None of these are as long to design as a senior magus, but then none of them are as crucial and require as much tailoring to the story being told.

This could even be a collaborative work and available freely for download, if people on these boards wanted to create something like that.

I am willing to donate my creations to the cause :slight_smile:

Likewise. I'm new to the game, but I fancy myself a pretty decent writer.

So if people here want to start a collaborative monster manual of sorts, I'm in.

I'm thinking I'd make a Rat King and a hostile magus. Maybe some centaurs or a roc.

I brought this topic up in a thread a few years ago (can't find it now, curse it) along with some other books (Grimoire for AR5, Covenants 2) I thought Ars should have and everybody let me know it was the stupidest idea anybody had ever had. I'm glad to see others feel the same as I. Now if we could just talk them into re-doing the Grimoire for AR5 I'd be less discontent.

I am also a huge fan of ye olde Wizard's Grimoire & WGRE. I would love to see a new one. I have in the past made many contributions to Yair's Net Grimoire.
Adapting that idea to this one, I advocate a Net Bestiary. Something anyone can join and contribute creations. We can do it here in a sticky (like the ones just above the conversation topics here); maybe Yair can expand his Grimoire to include beasts, or someone can start a wiki.

I'm not that concerned with a new bestiary and really don't like the idea of a monster manual as you describe it. Unlike D&D, Ars is not a game where herds of wild minotaurs roam the plains. There is a Minotaur, in a specific place, with specific abilities. There may be other bull-headed "men" around (probably actually faeries), but they are not The Minotaur and most likely have different abilities.

Monsters in Ars are individuals, not races.

If Ars gets a new (official) bestiary, I think it would best serve the line for that bestiary to focus primarily on the legends around the different creatures and de-emphasize stats and mechanics, to the extent that they're present at all.

I would see much more use (and have much more interest) in something like this - a rogue's gallery of common characters that can be inserted into stories as needed. And some of those characters might be monstrous, but, even so, they should be presented first and foremost as characters, not as D&D-style monsters. (Which is something that Ars has always been very good about, IMO.)

What I was hoping that there were was a book with 90% mundane beasts to help with encounters (Players do not always play mages and I have had three angry mountain goats almost bonk the s**t out of two magi because the two magi was climbing a mountain in the breeding time of the year. OH my God what those magis got hurt from the three male goats. They still laugh at it and the other magi at the covenant love to harass them with stories of the magi-slaying goats.

Mundane beasts are very important for Bjornaer, shapeshifters and familiar hunters. Monsters are fuun, but it is not paramount to what I was asking for.

They were obviously gruffs!

But there're already relevant statistics for many mundane animals if you know where to look. Just stripping the magic parts off of the example Magic animals in RoP:M gets you most of the way there.

Ain't nobody got time for that!

Ye olde "Book of Mundane Beasts" could be greatly expanded, and a story hook and magic beast of virtue &/or other realm option attached for each one.

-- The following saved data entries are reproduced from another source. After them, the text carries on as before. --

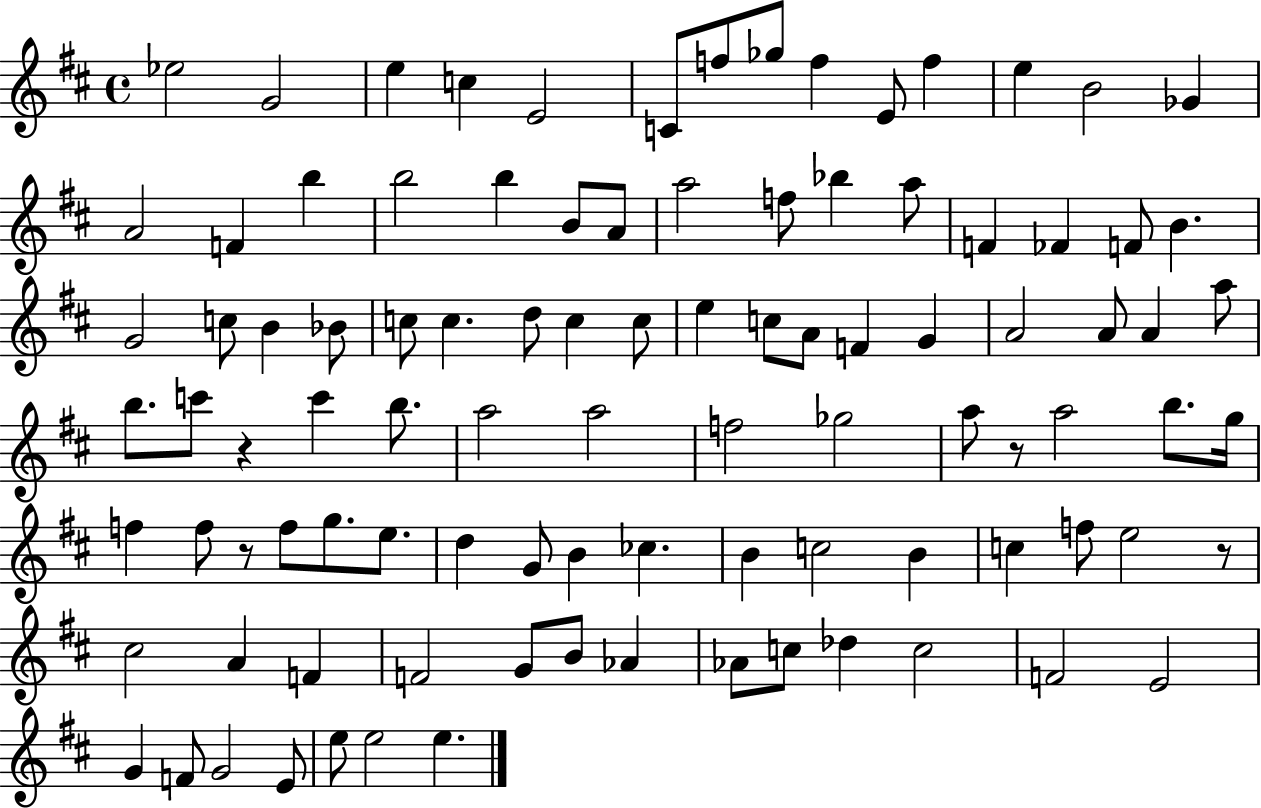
X:1
T:Untitled
M:4/4
L:1/4
K:D
_e2 G2 e c E2 C/2 f/2 _g/2 f E/2 f e B2 _G A2 F b b2 b B/2 A/2 a2 f/2 _b a/2 F _F F/2 B G2 c/2 B _B/2 c/2 c d/2 c c/2 e c/2 A/2 F G A2 A/2 A a/2 b/2 c'/2 z c' b/2 a2 a2 f2 _g2 a/2 z/2 a2 b/2 g/4 f f/2 z/2 f/2 g/2 e/2 d G/2 B _c B c2 B c f/2 e2 z/2 ^c2 A F F2 G/2 B/2 _A _A/2 c/2 _d c2 F2 E2 G F/2 G2 E/2 e/2 e2 e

The "Build a Beast" rules from Mystery Cults cold use some clarification and expansion.
It doesn't matter what the beast is used for or even how it woukd be used. Hard stats aid the gamer's imagination. They are the building blocks of their virtual reality. And they save time for players & storyguide who have little of it.
And fan generated stats stats on a wili are fine and useful. But official game line stats help firm and ispire imagination and aid in troupe consensus.

I think they're out there, just scattered across several books, and there is a Book of Mundane Beasts in HoH:MC, as well as the separate pdf.

I know F&F has quite a few creatures, BS&S does, too. There are also quite a few in various places the original poster doesn't like talking about and so I won't mention them or the plans such sources might have for collecting, updating, and expanding what content might exist in those sources.